Two Hours: The Quest to Run the Impossible Marathon by Ed Caesar

Two Hours: The Quest to Run the Impossible Marathon by Ed Caesar

Author:Ed Caesar [Caesar, Ed]
Language: eng
Format: epub
Publisher: Simon & Schuster
Published: 2015-10-26T23:00:00+00:00


Chapter Six

Kids, That Was Real

2010–2012

BY 2010, Mutai knew he possessed rare talent. He also knew that talent was not enough. For the best runners, money swirled around and distractions were manifold. Every one of them had grown up like Sammy Wanjiru, poor and hungry. Mutai was not immune to such temptations. He remembered those foggy mornings in Rongai when he woke up in strangers’ houses, and he understood how easy it would be to return to that life. Running country was full of squandered, drunken talent.

At the same time, he was excited by the ambition he saw around him. Athletes were achieving previously unthinkable times, and winning races in new ways. Haile had remade the art of record breaking in Berlin, and Wanjiru had reshaped the narrative of racing. One could not help but be swept up in the spirit of the age. Haile, in particular, inspired Mutai.

Every event became, in Mutai’s words, “a graduation.” Behind the scenes, his management was working to give him a shot at the Majors. After a lucrative sub-one-hour half-marathon win at Ras al-Khaimah in the United Arab Emirates, he was booked to run the Rotterdam Marathon in the spring of 2010. The race is not a Major, but it is in the highest class of second-tier marathons. Mostly people choose Rotterdam because, on the right day, it’s fast.

On the gray, dank morning of April 11, 2010, the race started off rapidly. Ten contenders in the leading group sped through the first half in under 62 minutes, all of them on world record pace—a situation that could not hold. The lead group soon splintered and eventually included only two men: Mutai and Patrick Makau, a recalcitrant Kamba who wears a pencil mustache like a 1940s screen idol. In the closing straightaway, Makau pulled ahead of Mutai to record what was then the fourth-fastest marathon time ever: 2:04:47. Mutai was eight seconds behind, with a massive new personal best of 2:04:55. Although he hadn’t won the race, he’d led Makau most of the way to the finish line. What’s more, he was now a two-oh-four guy.

On the strength of his Rotterdam performance, Mutai was invited for a rematch against Makau in Berlin in September—his first Major. It was a rainy day, with puddles on the ground. Nobody expected a record. Once again, Mutai tried to push the pace; once again, Makau stuck to his heels. The pair ran as if linked by a tow chain all the way to the Brandenburg Gate, about 400 meters from the finish line, where Makau once again used his superior sprint to best his rival. The two men finished in 2:05:08 and 2:05:10, respectively.

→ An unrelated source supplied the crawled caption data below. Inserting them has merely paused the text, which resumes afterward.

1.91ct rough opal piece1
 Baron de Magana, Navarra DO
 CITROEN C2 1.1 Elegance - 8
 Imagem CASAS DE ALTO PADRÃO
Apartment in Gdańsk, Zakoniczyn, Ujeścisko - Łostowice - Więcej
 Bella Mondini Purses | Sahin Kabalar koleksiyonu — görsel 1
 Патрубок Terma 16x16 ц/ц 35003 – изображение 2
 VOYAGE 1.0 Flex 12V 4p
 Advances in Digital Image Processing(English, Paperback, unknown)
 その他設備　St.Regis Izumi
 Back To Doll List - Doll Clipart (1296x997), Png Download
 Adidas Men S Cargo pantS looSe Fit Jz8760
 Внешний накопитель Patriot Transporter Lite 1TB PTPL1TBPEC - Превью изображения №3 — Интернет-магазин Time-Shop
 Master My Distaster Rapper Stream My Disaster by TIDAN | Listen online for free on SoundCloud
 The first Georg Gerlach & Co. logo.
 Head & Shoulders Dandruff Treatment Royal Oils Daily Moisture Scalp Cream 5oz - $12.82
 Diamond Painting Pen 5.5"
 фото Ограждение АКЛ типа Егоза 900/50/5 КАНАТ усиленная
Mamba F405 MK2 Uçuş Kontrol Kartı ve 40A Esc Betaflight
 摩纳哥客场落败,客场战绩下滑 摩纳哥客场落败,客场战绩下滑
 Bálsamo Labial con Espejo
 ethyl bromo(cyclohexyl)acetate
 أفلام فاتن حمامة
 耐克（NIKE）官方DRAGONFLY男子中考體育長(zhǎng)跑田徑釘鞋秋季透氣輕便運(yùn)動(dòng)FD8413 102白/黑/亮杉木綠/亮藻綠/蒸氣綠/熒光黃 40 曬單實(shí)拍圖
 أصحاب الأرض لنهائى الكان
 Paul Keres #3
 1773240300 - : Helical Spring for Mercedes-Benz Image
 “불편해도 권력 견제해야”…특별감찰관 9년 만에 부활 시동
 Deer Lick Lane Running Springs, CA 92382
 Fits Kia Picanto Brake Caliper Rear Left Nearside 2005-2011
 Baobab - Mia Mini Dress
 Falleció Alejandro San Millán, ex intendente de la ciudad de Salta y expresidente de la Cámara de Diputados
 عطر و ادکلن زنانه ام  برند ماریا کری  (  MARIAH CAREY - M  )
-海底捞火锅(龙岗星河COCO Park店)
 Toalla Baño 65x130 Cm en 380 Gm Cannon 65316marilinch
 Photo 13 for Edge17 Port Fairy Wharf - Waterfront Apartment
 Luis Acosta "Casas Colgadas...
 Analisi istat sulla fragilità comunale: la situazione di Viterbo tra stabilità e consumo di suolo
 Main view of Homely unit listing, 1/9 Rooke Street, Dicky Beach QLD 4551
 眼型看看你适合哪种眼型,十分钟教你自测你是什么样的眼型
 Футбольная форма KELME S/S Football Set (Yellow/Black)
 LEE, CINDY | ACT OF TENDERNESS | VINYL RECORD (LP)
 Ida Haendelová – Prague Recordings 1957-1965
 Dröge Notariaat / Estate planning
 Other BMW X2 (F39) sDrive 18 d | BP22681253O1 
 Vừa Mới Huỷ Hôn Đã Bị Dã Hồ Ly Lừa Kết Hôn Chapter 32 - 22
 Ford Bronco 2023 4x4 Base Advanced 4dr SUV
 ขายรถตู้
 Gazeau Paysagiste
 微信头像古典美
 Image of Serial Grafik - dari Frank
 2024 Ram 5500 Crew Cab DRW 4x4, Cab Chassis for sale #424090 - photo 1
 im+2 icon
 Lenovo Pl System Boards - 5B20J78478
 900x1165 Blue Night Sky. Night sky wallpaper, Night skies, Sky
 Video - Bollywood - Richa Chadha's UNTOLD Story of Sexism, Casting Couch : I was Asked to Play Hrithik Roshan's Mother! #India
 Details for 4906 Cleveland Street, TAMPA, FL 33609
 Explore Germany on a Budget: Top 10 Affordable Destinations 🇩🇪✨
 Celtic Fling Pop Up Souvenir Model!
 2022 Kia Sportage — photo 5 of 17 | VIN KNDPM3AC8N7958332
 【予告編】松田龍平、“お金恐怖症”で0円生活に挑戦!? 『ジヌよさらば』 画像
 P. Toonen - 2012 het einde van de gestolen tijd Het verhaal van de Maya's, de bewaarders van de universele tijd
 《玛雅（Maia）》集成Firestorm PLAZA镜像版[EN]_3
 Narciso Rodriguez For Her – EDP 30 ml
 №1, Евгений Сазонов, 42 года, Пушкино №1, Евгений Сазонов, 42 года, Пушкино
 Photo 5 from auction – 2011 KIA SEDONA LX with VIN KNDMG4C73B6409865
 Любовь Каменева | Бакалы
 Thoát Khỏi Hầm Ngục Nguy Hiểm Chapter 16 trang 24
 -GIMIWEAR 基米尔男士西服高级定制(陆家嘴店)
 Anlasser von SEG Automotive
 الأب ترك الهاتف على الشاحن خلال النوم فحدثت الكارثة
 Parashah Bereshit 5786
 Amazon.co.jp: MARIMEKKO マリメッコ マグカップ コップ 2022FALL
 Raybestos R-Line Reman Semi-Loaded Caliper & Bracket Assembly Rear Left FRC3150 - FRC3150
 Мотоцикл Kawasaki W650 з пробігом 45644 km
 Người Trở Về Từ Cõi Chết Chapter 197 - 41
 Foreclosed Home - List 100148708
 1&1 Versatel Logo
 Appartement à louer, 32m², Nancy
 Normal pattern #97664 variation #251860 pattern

This second consecutive defeat to Makau prompted a period of soul-searching for Mutai. He tried to analyze what had gone wrong. On both occasions, he had felt strong both before and during the race. He knew he was capable of sustained attacks of speed, as he had shown most dramatically at the 2009 Eindhoven Marathon, when he closed the last 7km in two-hour-marathon pace.